There is also a possibility that a decline in trapping and furbearer harvest has increased predator populations, and predation on scaup in certain areas. Obviously the scaup story is not finished, and these are definitely birds to watch. You can see the results of research at Long Point, ON, related to transmitter-fitted birds here.
- According to the fall colour reports, we’re well along in many parts of the provinces. Get out and observe what’s happening to the leaves in your schoolyard (see Featured Process from Early October). Trees that are stubbornly green may be non-native, and still tied to the day-length patterns of their native bioregions (e.g. Norway Maple, Common Buckthorn).

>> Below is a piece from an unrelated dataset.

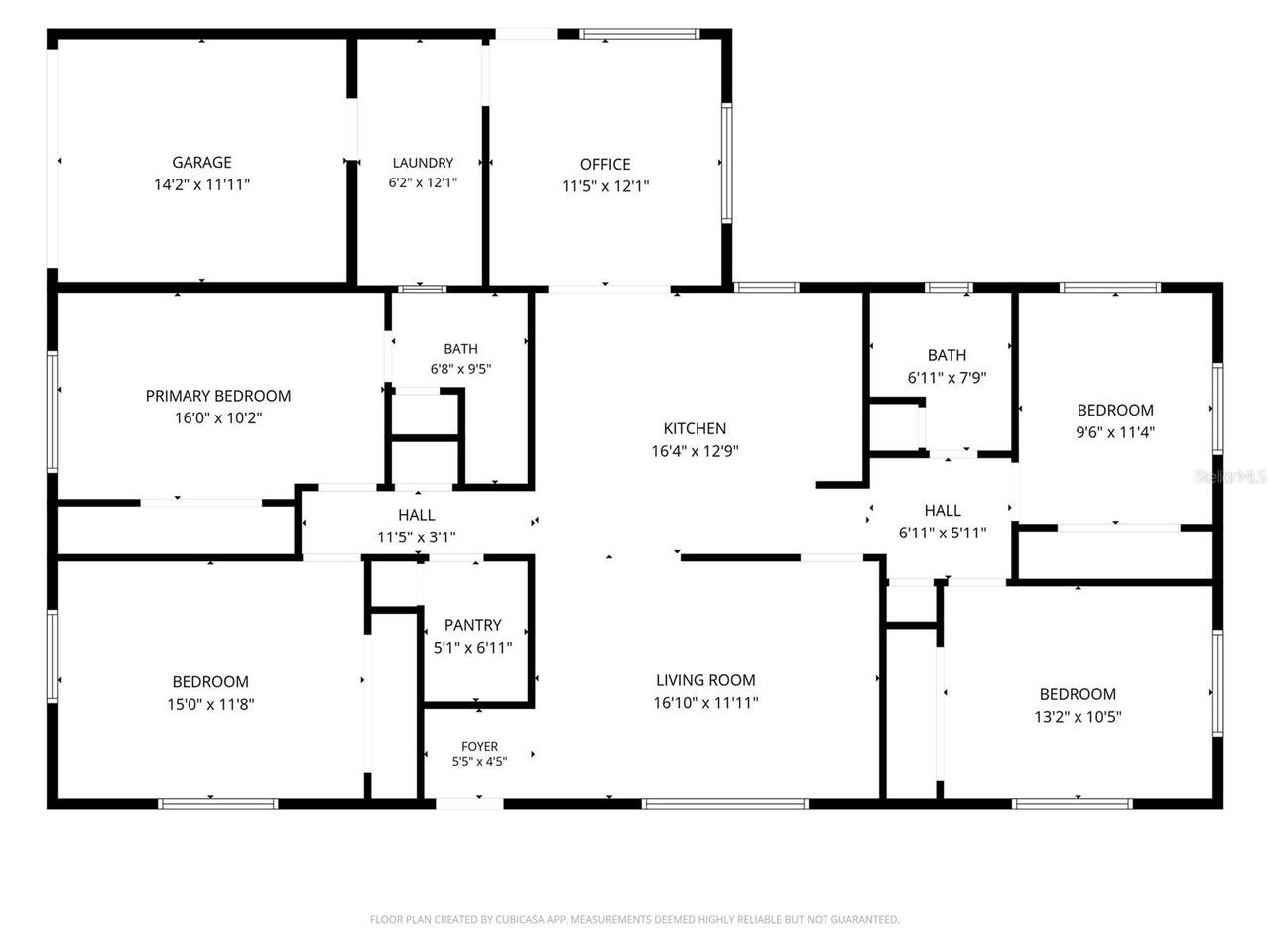 Listing Photo 28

- Northern Saw-whet Owls are migrating and we got to help band these small owls as part of a research study at Trent University to find out more about habitat use and migration patterns. Fine netting is set up at night in a diamond pattern, with a tape recorder playing owl calls in the middle. Nets are checked every half-hour, and any birds untangled, weighed, measured and banded. One bird banded at a site near Bobcaygeon turned up in Port Hope, 60 km south, only 2.5 hours later. The little guy averaged 24 km/hr.! Other interesting individuals were ones that came from distant locations such as Wisconsin, Manitoba, Virginia and Thunder Bay.
- Right now, you may still hear some buzzing, though – mosquitoes of the genus Culex are still somewhat active. These mosquitoes overwinter as adults, and need a blood meal to get them through the winter. Any donors out there?
- Something invisible, but quite remarkable and important, is going on in our lakes right now. As the surface water cools, it approaches the temperature of the deeper water. These two water bodies, kept separate since spring by their temperature differences, can now mix in what’s called the fall turnover (seen here in the context of the annual cycle of a temperate lake), which brings oxygen to the depths and nutrients to the shallows. Turnover will continue until ice over, when no more oxygen will be available until spring melt.
- The Orionid meteor shower will peak before dawn (why do these things always seem to peak before dawn?) October 21st, so you might want to plan an early morning viewing party for that day. Meteors will come flying out of Orion’s club at a rate of up to 15-20 per hour, but the waning moon may lessen the view. Look to the southeast or south, depending on time of night. The meteors are debris from Halley’s Comet, left behind in its orbit, which crosses Earth’s in October. Try on the 20th if the 21st projects to be cloudy.
- The moon meets up with Neptune on the 12th, but you will need a pretty good telescope to see it. The 15th brings us the full Hunter’s Moon, which is also one of the year’s three full supermoons. Full supermoons occur when the moon is at its closest point to the earth for the month. Superimposing the largest and smallest full moons would be comparable to stacking a nickel on top of a quarter.